Austria's chancellor sworn in again after scandal

Conservative Sebastian Kurz was sworn in Tuesday as Austria's chancellor after controversy over alleged corruption. The move meant a comeback from the collapse of his previous government.

By Stefan J. Bos

Kurz and Austria's new conservative-green coalition ministers entered the Presidency building in Vienna, the capital, for a somewhat historic swearing-in ceremony. It marked the moment that the world's youngest democratically elected leader returned at the head of an unlikely coalition.

Kurz, 33, returned to the top job as Austria's chancellor after a seven-month absence. But the conservative politician will lead a new and very different coalition, with the leftist Greens.

And the Cabinet sworn in by President Alexander Van der Bellen is Austria's first with a female majority. It also marks the first time that the environmentalist Greens have entered the country's national government.

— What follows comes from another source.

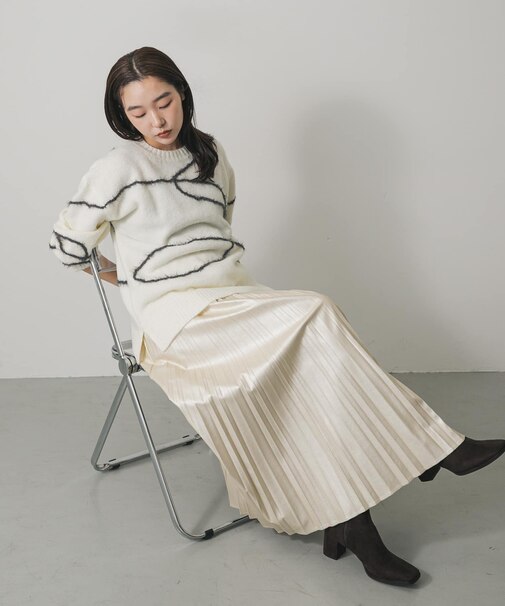 シャギーラインルーズニット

Analysts say that the mixture of Kurz's center-right People's Party and the Greens, traditional adversaries, could set an example for other countries. 

It could send a message to neighboring Germany, where polls suggest a similar combination may become possible after the next election.

Reclaiming the title

Kurz reclaims the title of the world's youngest serving head of government from Finnish Prime Minister Sanna Marin who is 34 and took office last month.

Kurz, seen as a political talent who became foreign minister at 27, played a leading role in all but shutting down the Balkan route used by many migrants to Europe in 2016. He has made a hardline on migration, a hallmark of his party.

He first became chancellor at 31 in late 2017, leading a coalition with the far-right Freedom Party. But in May, a video showing then-Freedom Party leader Heinz-Christian Strache offering favors to a purported Russian investor prompted Kurz to pull the plug.

Parliament then ousted Kurz in a no-confidence vote. In recent months, Austria was led by a non-partisan interim government under Chancellor Brigitte Bierlein.

The Freedom Party scandal prompted a snap election in September, from which the Kurz's People's Party and the Greens emerged as the big winners.

Great expectations

However, Austrian President Van der Bellen told the new Cabinet that Austrians "have great expectations of you." And he added that the trust that was "carefully rebuilt" must increase further because "Austria's democracy and its institutions live on citizens' trust."

The coalition agreement includes Green pledges such as action against climate change —including a target of "climate neutrality" by 2040 — and of improved government and administrative transparency.

But it also has conservative priorities, such as moves to cut Austrians' tax burden and continuing Kurz's tough line on migration. 

And the new chancellor has made clear that he still opposes efforts to distribute migrants fleeing war, persecution, and poverty around Europe.